Storm Clouds over Europe 1882-1907

AS THE year 1899 drew to a close, Europeans and Americans began to wonder when, exactly, the nineteenth century would end and the twentieth century begin. Most people thought that this would take place at midnight of December 31, 1899, but historians disagreed. They pointed out that the first hundred years after the birth of Christ had ended with the final seconds of the year 100. Therefore, they said, the twentieth century would not begin until January 1, 1901.

As they toasted the new century that New Year’s Day most people in Europe and America were satisfied and hopeful. Life was better for them than it had been for their fathers and grandfathers, they were certain that it would be better still for their sons and grandsons. They believed in human progress and looking back over the century just past, they could find good reasons for this belief.

There had been no widespread fighting in Europe since the end of the Napoleonic Wars in 1815. The last war between European powers, the Franco-Prussian War, had taken place in 1870. Since then, thirty years of peace had brought tremendous benefits to the advanced countries of Europe. The growth of industry and trade had steadily enriched these countries and raised their living standards. With the spread of education, millions of people had learned to read and write. Democratic ideas were advancing everywhere; by now, most European countries had law-making assemblies with elected members and more people had the right to vote than ever before. As the powers had acquired territories on other continents, European ideas, beliefs and methods had come to dominate the entire world.
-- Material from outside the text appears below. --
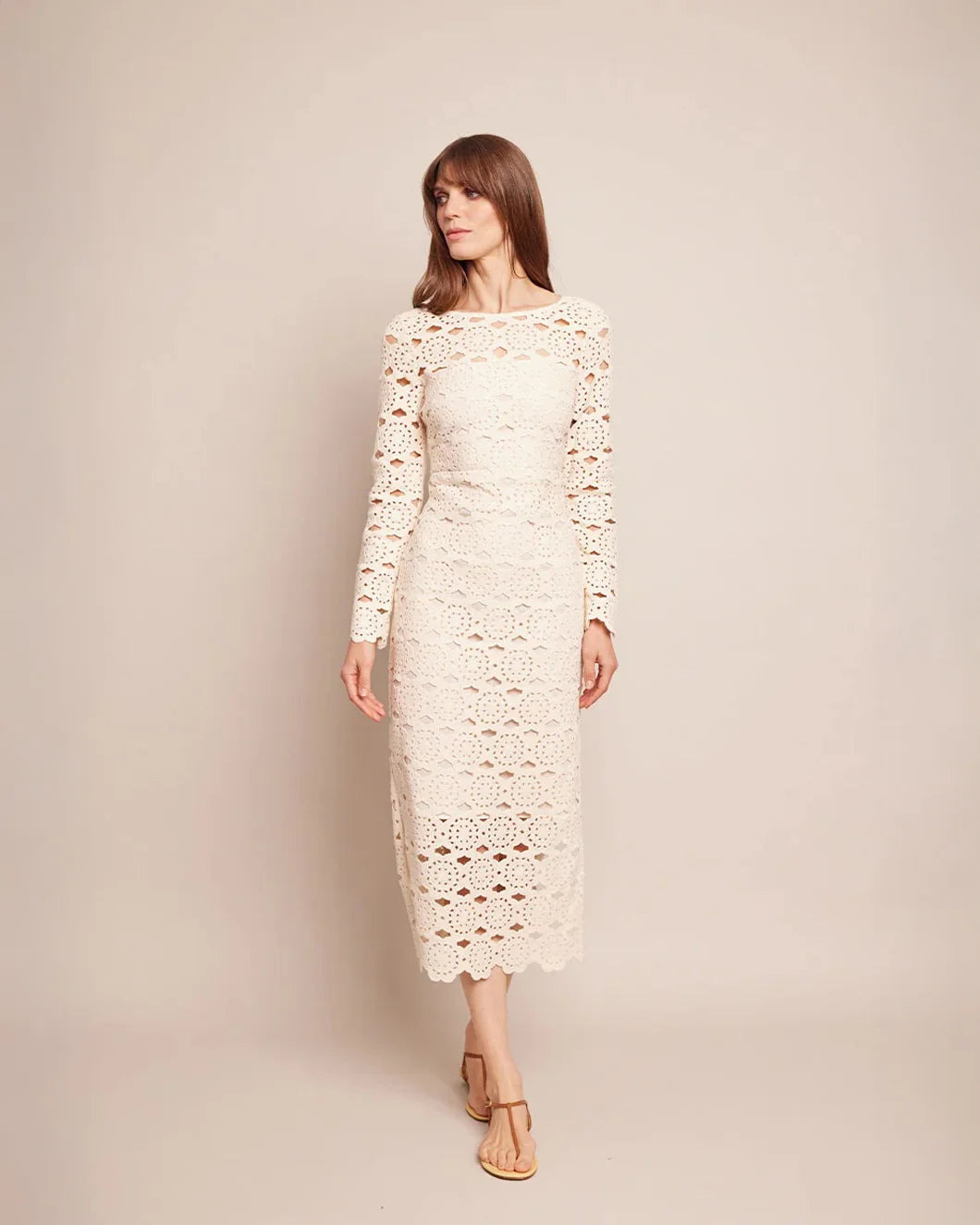 MARSIELLE DRESS - 2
Europeans were proud of their civilization and confident of the future. True, they had problems at home and abroad, but they were sure that their parliaments and statesmen would find ways to solve them and keep the peace. Then, in 1914, Europe was plunged into war. By the time the war was over, four years later, much of the rest of the world had been drawn into it, including the United States; millions of men had died; and a way of life built up over half a century had been destroyed.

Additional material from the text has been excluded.